WORK TASK: I need the lines from the one containing "Cloudy Atmospheric Mood" through the last line of the entries retyped exactly, with no pictures among them.

☆ ☆ ☆ ☆

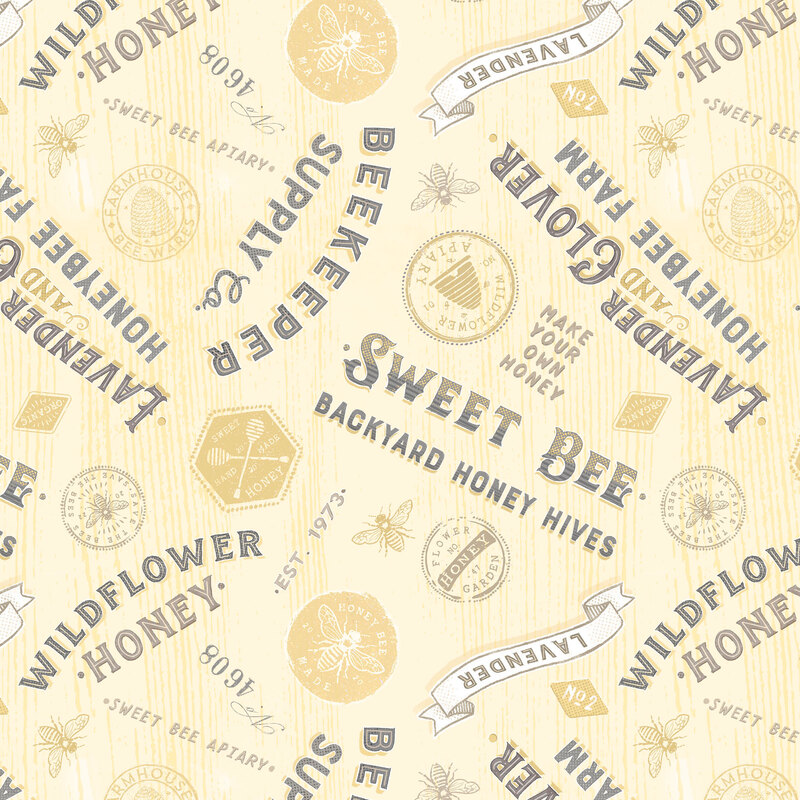 textured yellow fabric featuring vintage lettered signs in black text, yellow stamps, and yellow bees.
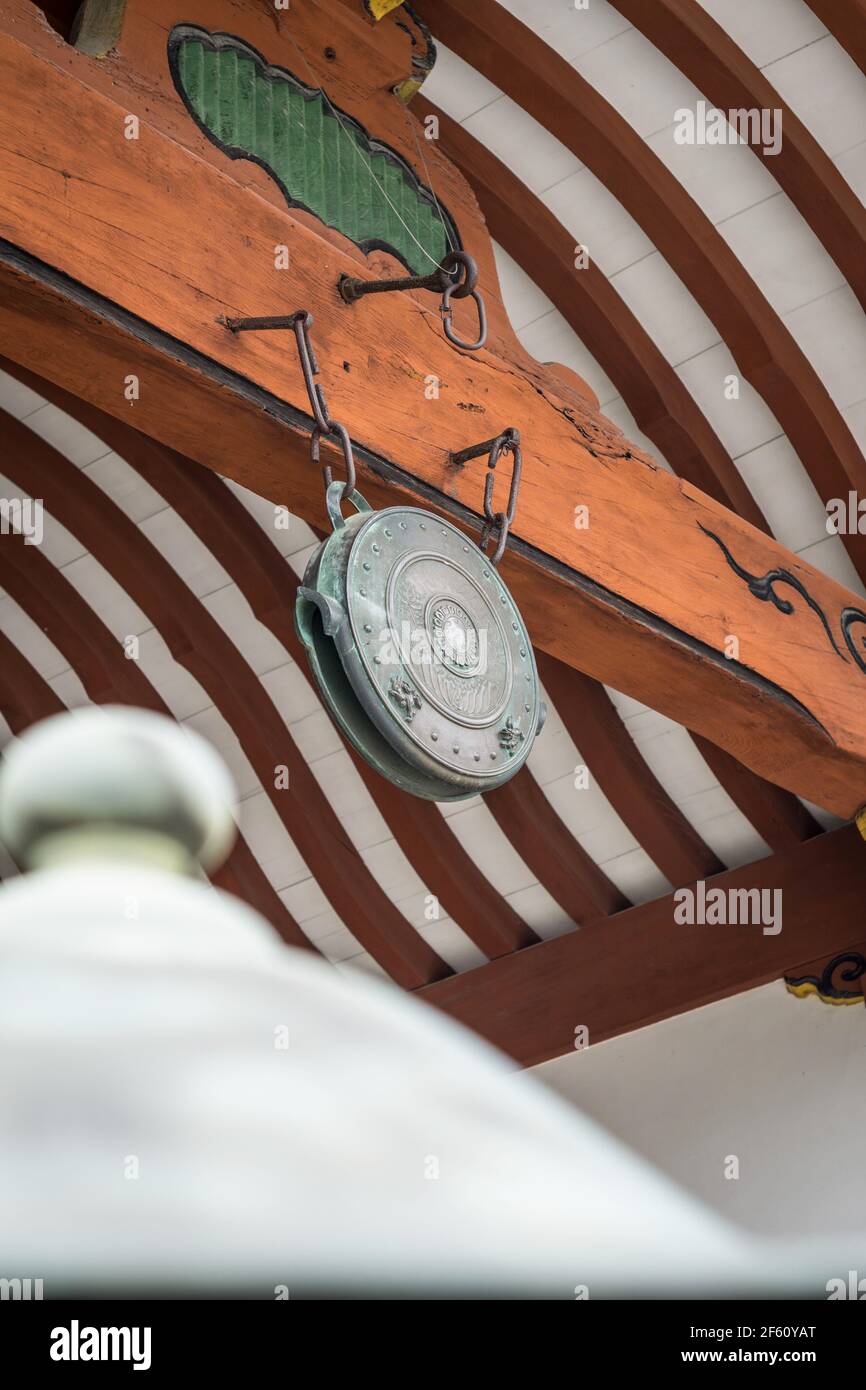 A bronze metal flat bell gong hanging in an orange white building in
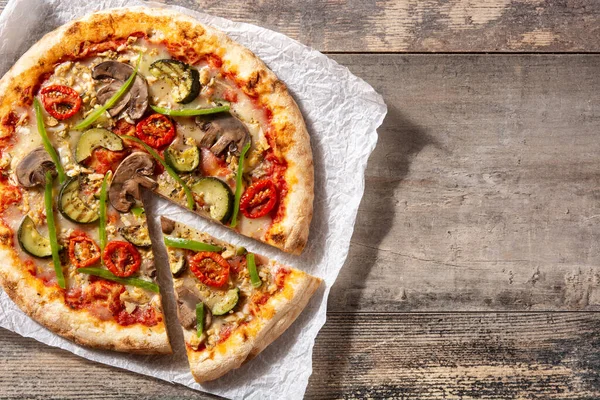 Vegetarian pizza with zucchini, tomato, peppers and mushrooms on wooden table. Top view. Copy space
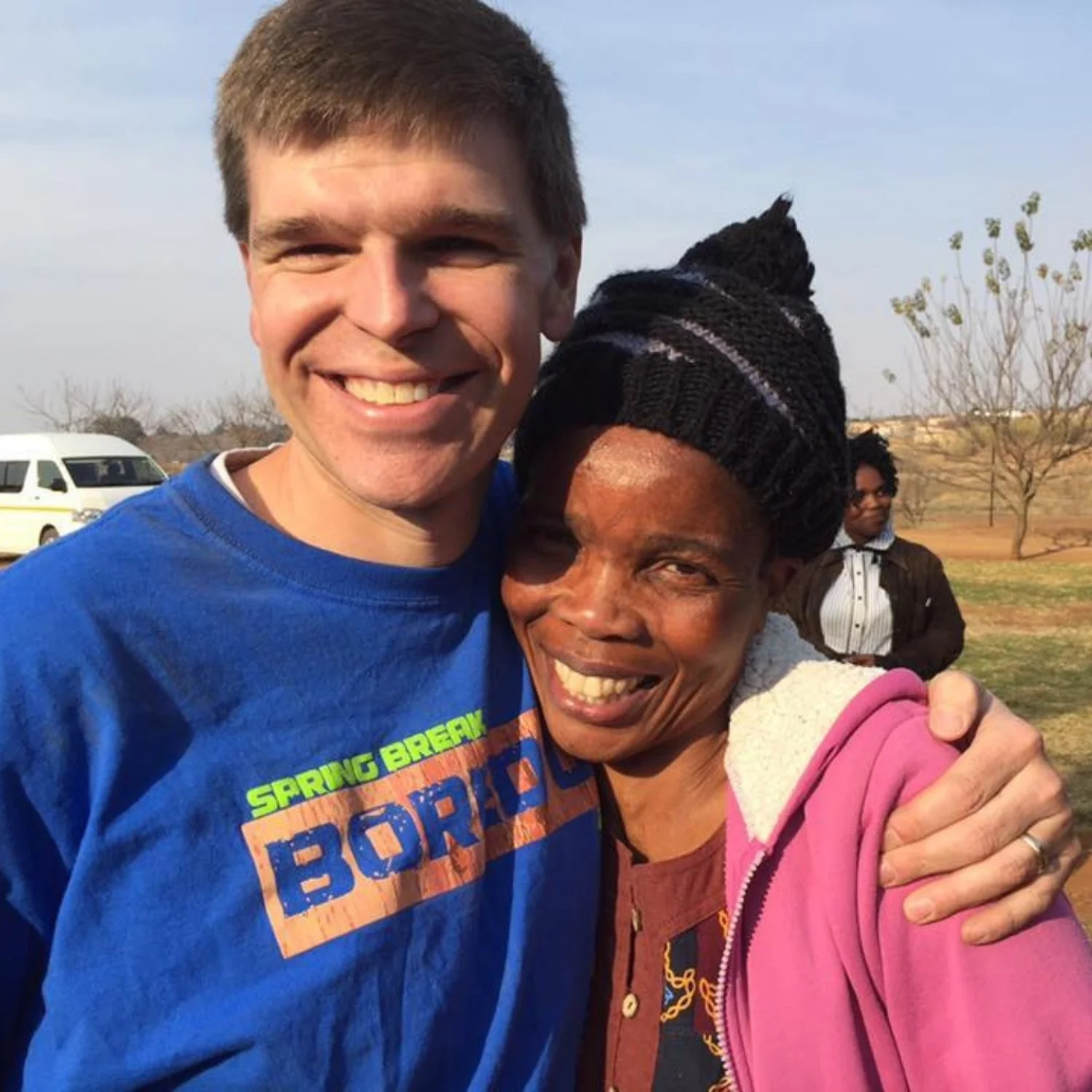 A young man in a blue shirt smiling and hugging an older woman in a pink jacket and black beanie, both outdoors on a sunny day.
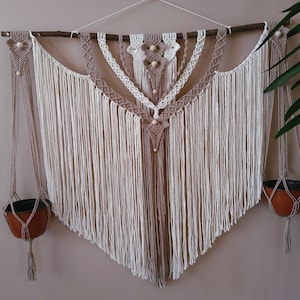 May include: A macrame wall hanging with a geometric design, featuring two hanging plant pots. The wall hanging is made with natural fibres in shades of beige and white.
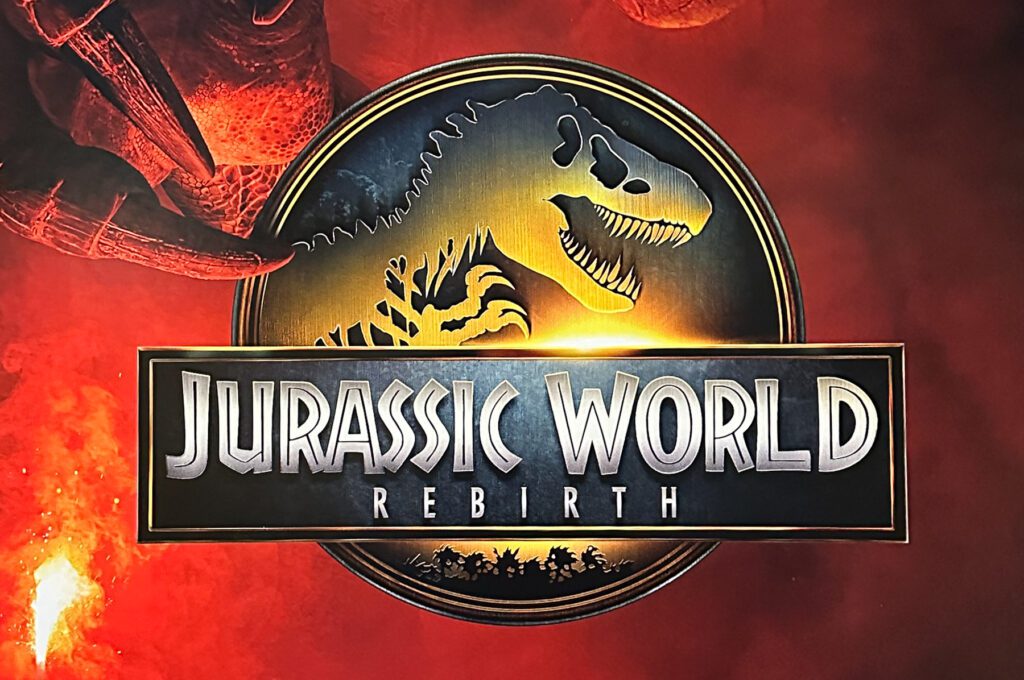 Jurassic World Rebirth logo featuring a dinosaur skeleton silhouette on a circular emblem, set against a red background.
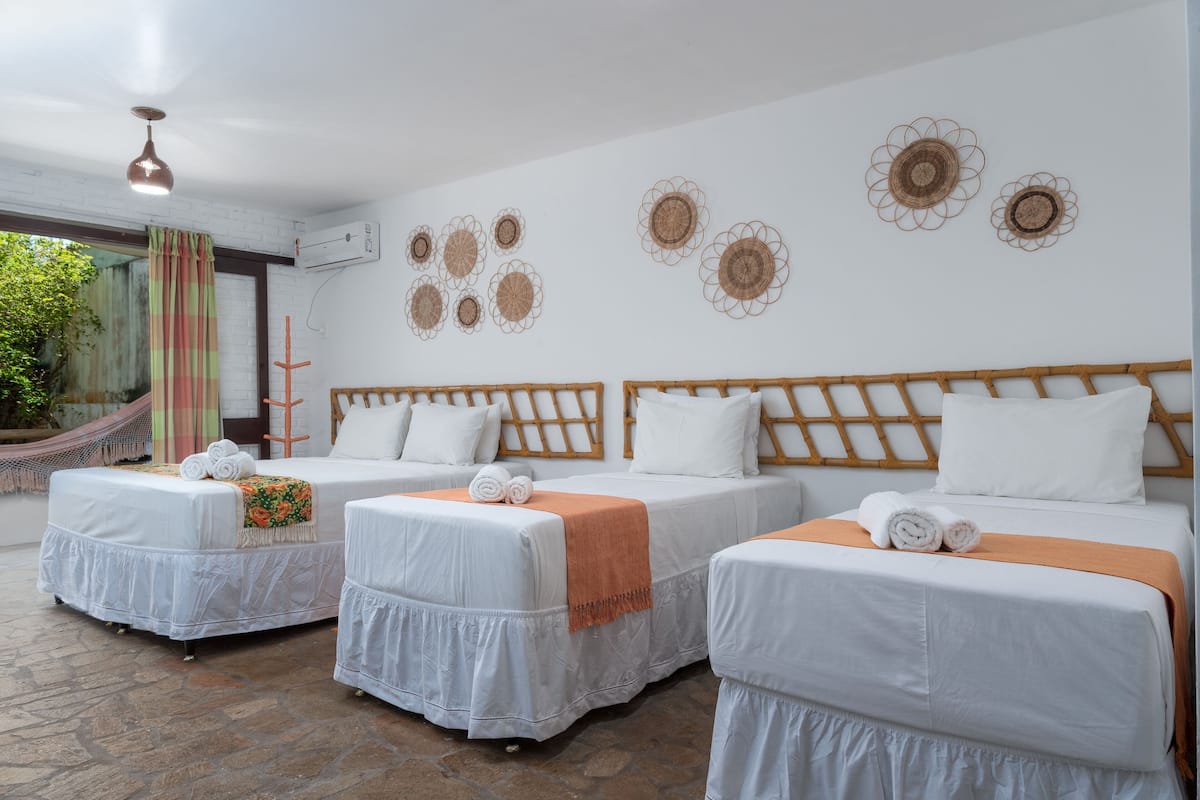 Ein Hotelzimmer mit drei Betten, einer Hängematte und dekorativer Wandkunst.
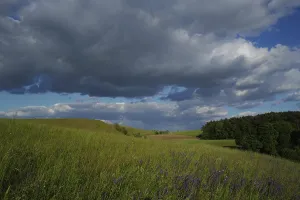 Cloudy Atmospheric Mood Prints: Dramatic cloud formations in the sky over a hillside in May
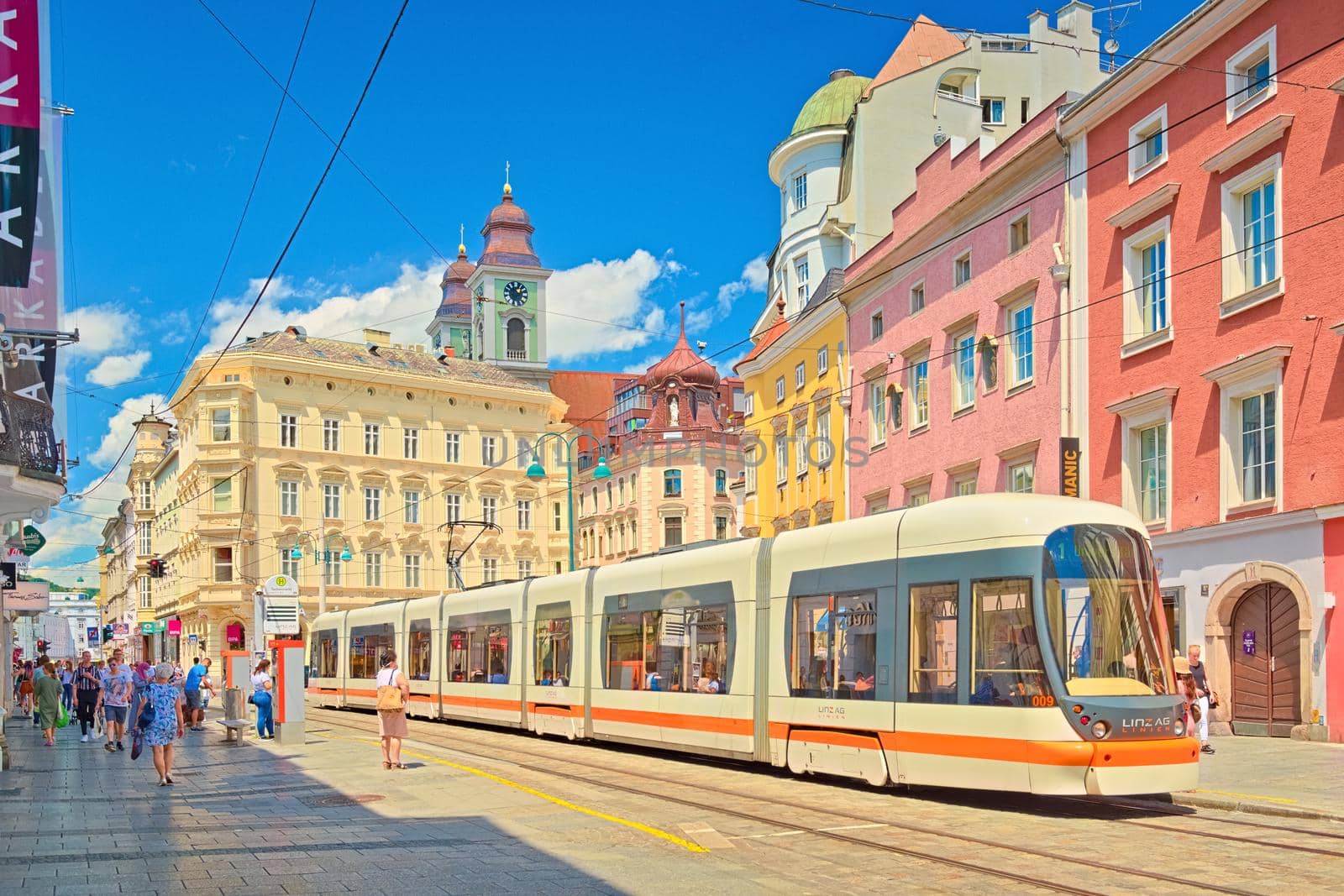 Linz - June 2020, Austria: View of the main street with walking people, a modern tram, and old colorful historical buildings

☆ ☆ ☆ ☆

ANSWER FOR THE TASK:
 Cloudy Atmospheric Mood Prints: Dramatic cloud formations in the sky over a hillside in May
 Linz - June 2020, Austria: View of the main street with walking people, a modern tram, and old colorful historical buildings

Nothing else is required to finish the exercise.